PROBLEM REQUIREMENTS
Extract every line between the one with "pamelalamberts webcam" and the end of the entries, both included, word for word and free of pictures.

+ + +

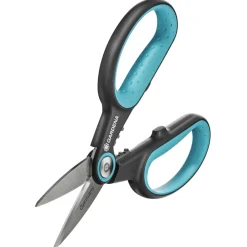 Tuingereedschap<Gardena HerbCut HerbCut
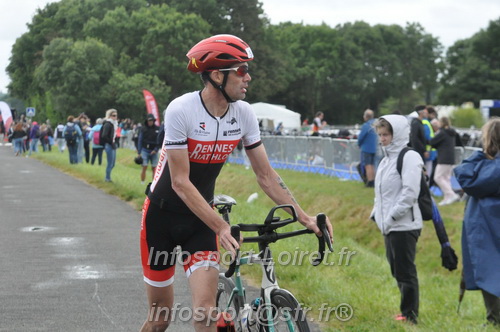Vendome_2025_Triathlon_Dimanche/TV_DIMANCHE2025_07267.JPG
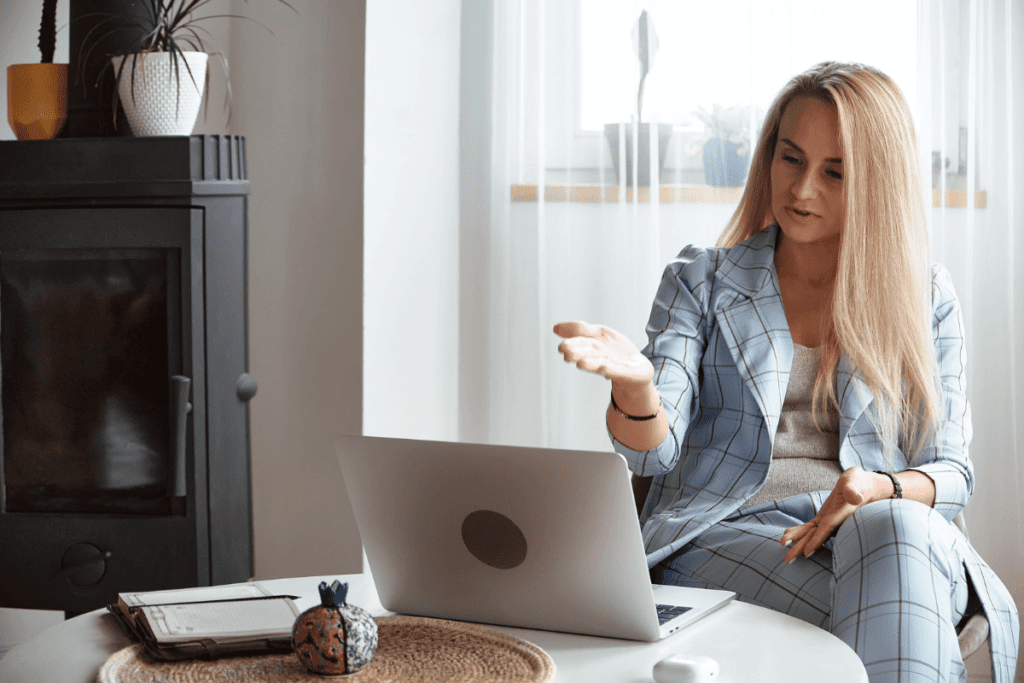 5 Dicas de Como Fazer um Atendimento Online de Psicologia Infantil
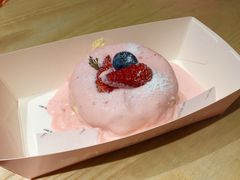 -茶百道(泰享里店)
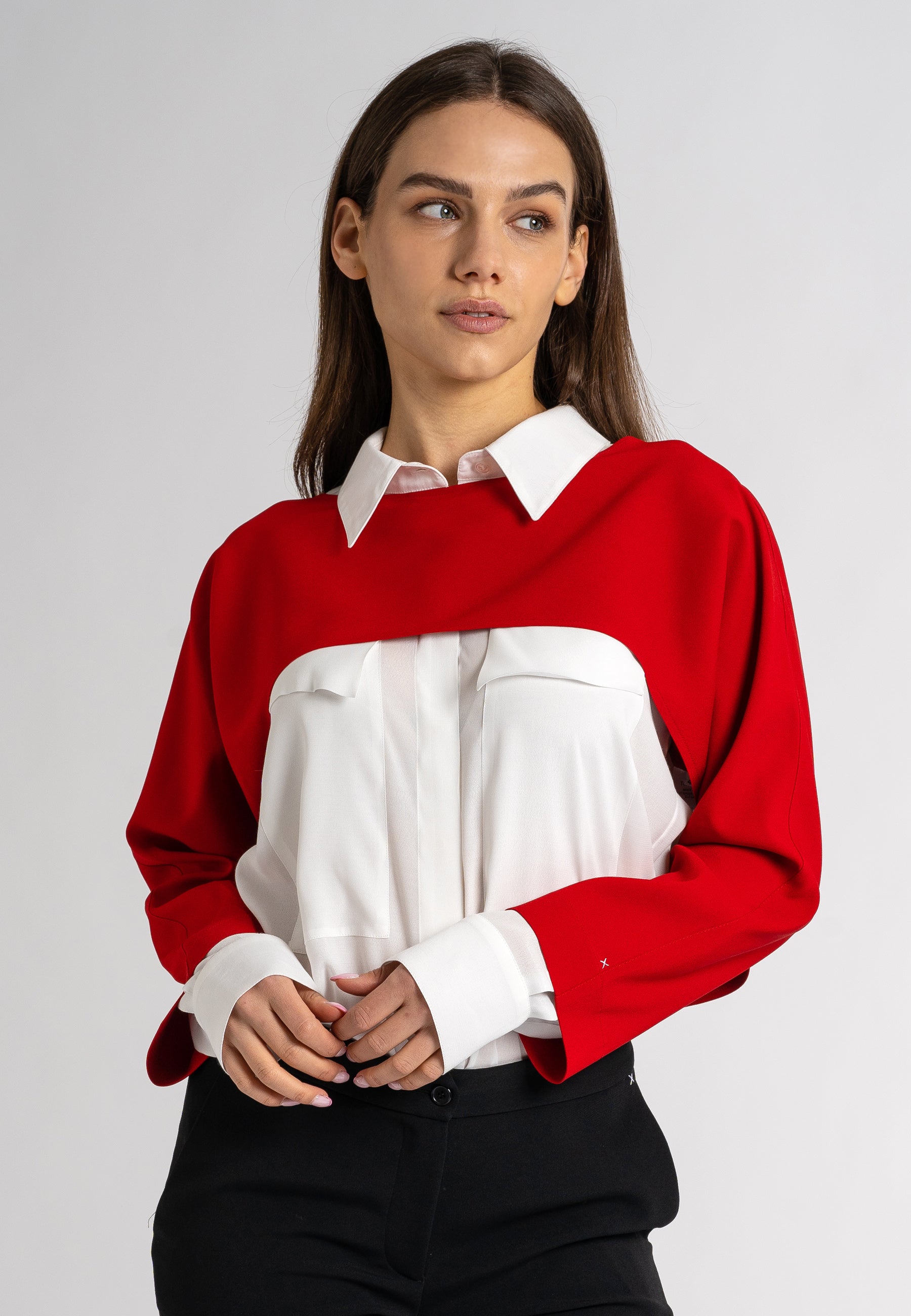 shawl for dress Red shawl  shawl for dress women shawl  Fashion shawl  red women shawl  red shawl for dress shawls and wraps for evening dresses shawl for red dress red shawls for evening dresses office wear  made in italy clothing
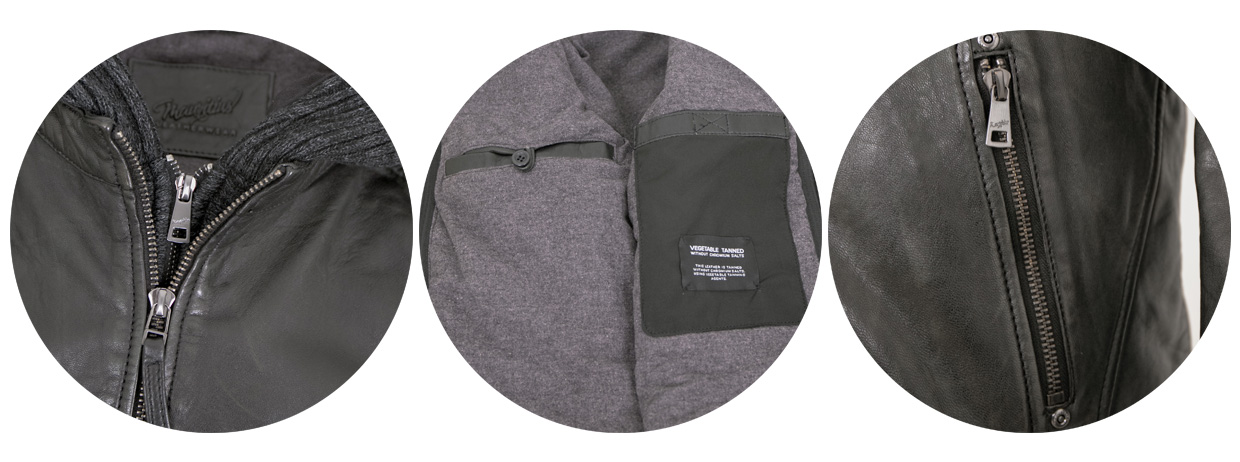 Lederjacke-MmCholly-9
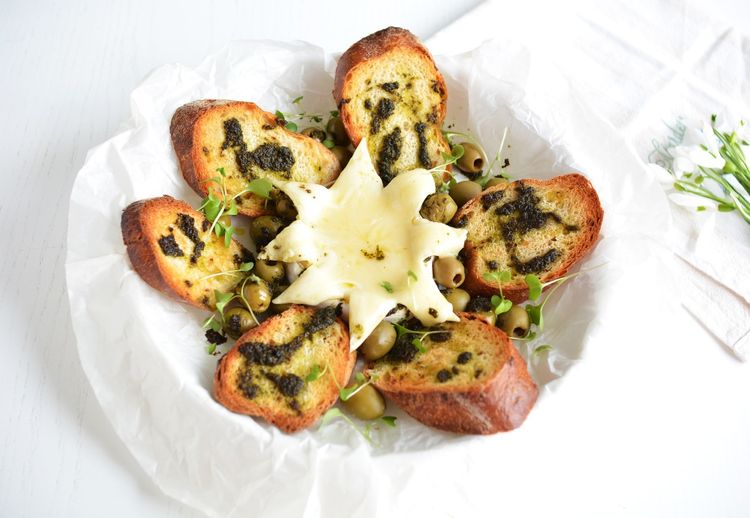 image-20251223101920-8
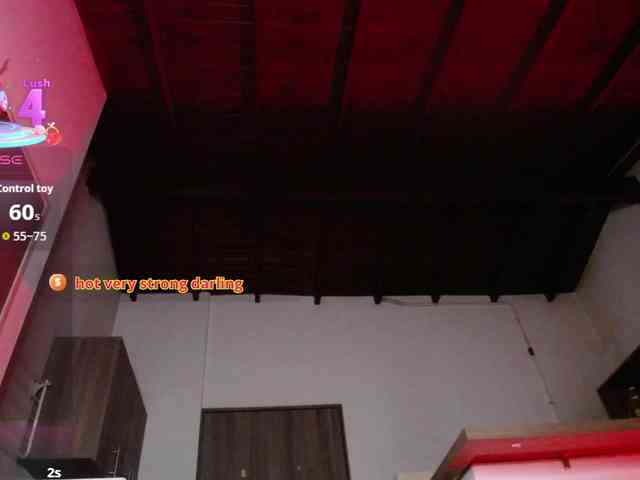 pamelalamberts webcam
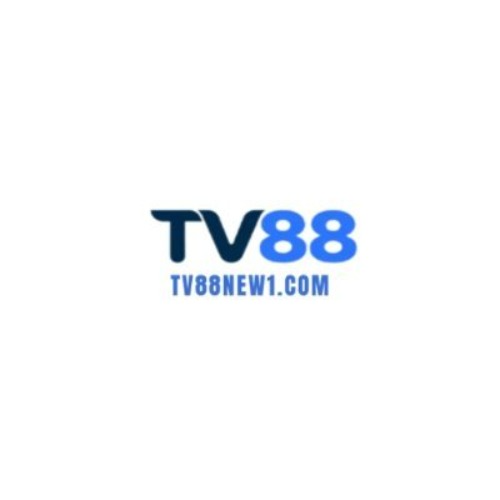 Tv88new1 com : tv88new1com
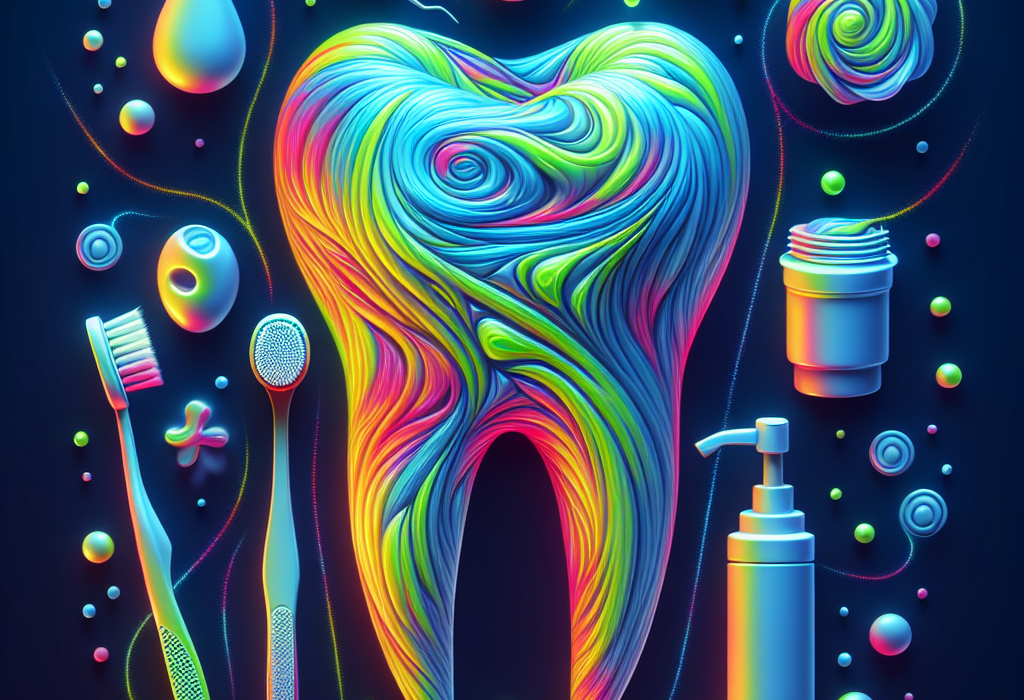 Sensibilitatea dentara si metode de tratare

+ + +

RESPONSE TO THE EXERCISE
 pamelalamberts webcam
 Tv88new1 com : tv88new1com
 Sensibilitatea dentara si metode de tratare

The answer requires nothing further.